■ **Work item**:
Output each record exactly as given. Leave out every picture.
_____
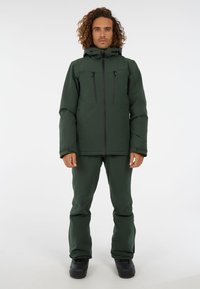 Groene skijas met hoge kraag, twee ritsborstzakken en bijpassende groene skibroek, gemaakt van weerbestendige stof. Zwarte laarzen.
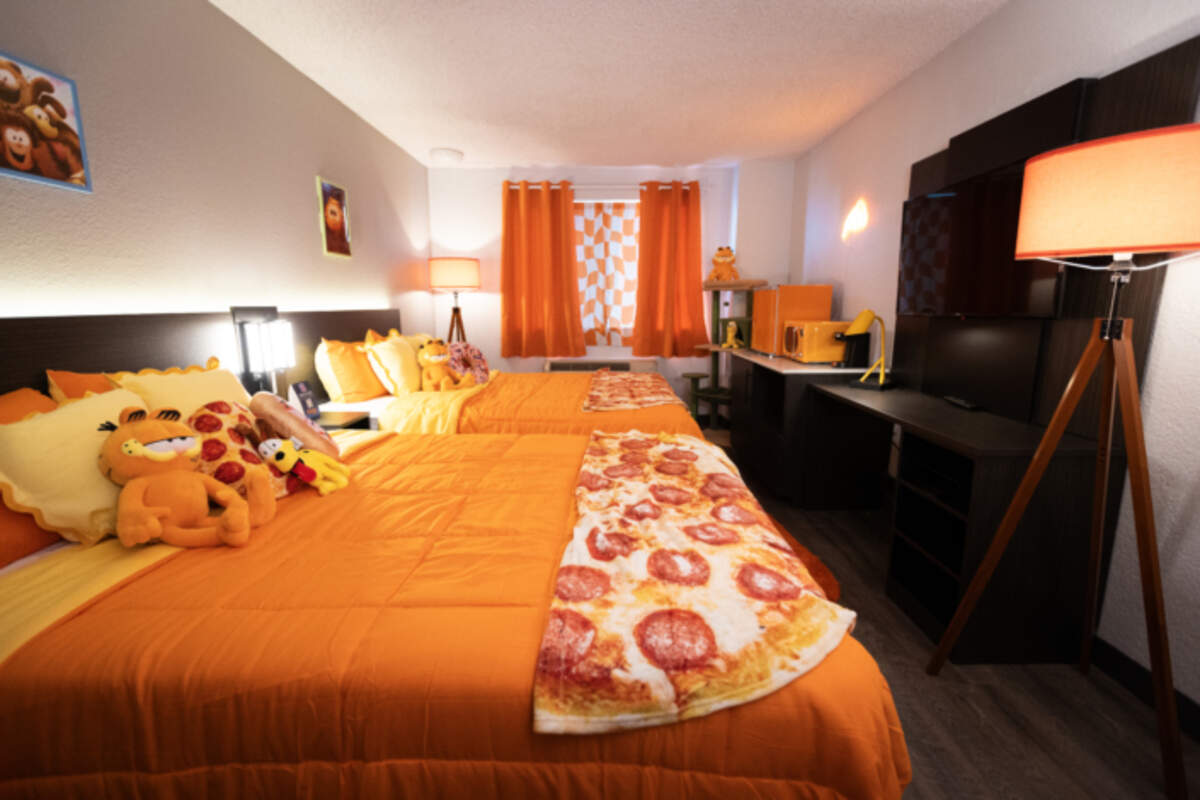 A Garfield-themed motel room at Motel 6 features organized bedding, Garfield stuffed animals, and pizza throw blankets. Rooms are available in 2024 at Motel 6 at 3796 Northgate Blvd. in South Natomas.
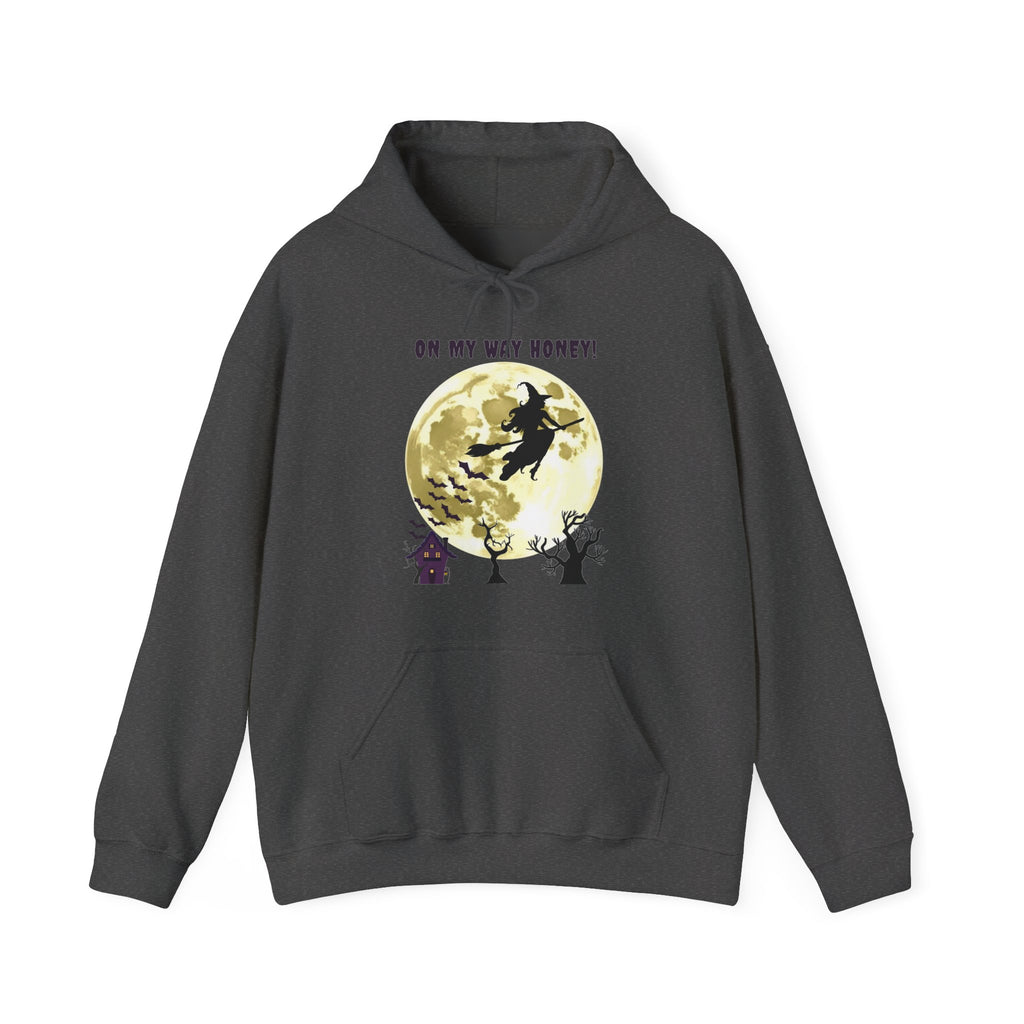 Dark gray hoodie with a witch flying over a moonlit scene on a white background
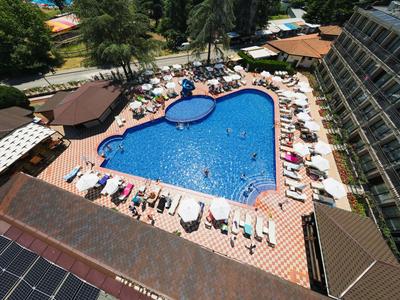 Außenpool eines Hotels mit Liegestühlen, Sonnenschirmen und angrenzender Gartenanlage.
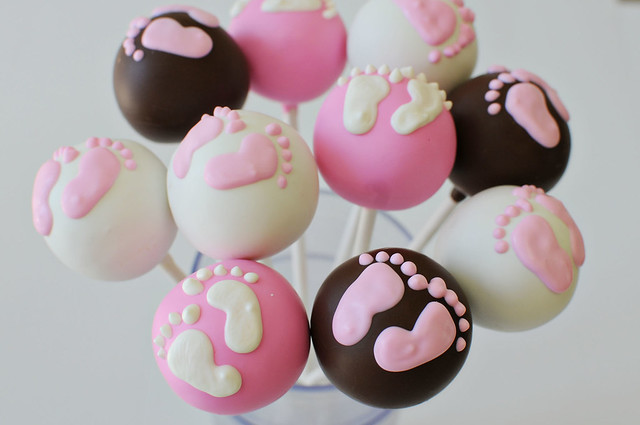 pink, white and brown baby feet cake pops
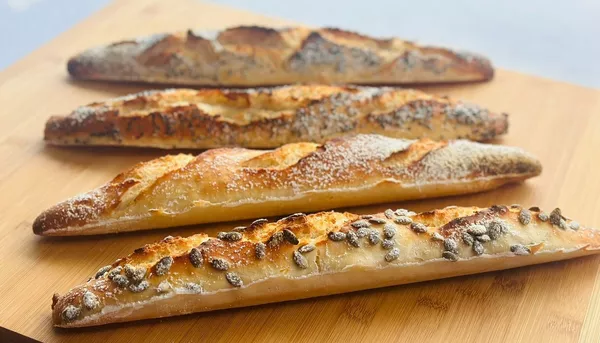 Golden, flour-dusted baguettes on a wooden board, close-up of fresh bread for Food & Drink in Singapore.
_____
■ **Completed exercise**:
 Groene skijas met hoge kraag, twee ritsborstzakken en bijpassende groene skibroek, gemaakt van weerbestendige stof. Zwarte laarzen.
 A Garfield-themed motel room at Motel 6 features organized bedding, Garfield stuffed animals, and pizza throw blankets. Rooms are available in 2024 at Motel 6 at 3796 Northgate Blvd. in South Natomas.
 Dark gray hoodie with a witch flying over a moonlit scene on a white background
 Außenpool eines Hotels mit Liegestühlen, Sonnenschirmen und angrenzender Gartenanlage.
 pink, white and brown baby feet cake pops
 Golden, flour-dusted baguettes on a wooden board, close-up of fresh bread for Food & Drink in Singapore.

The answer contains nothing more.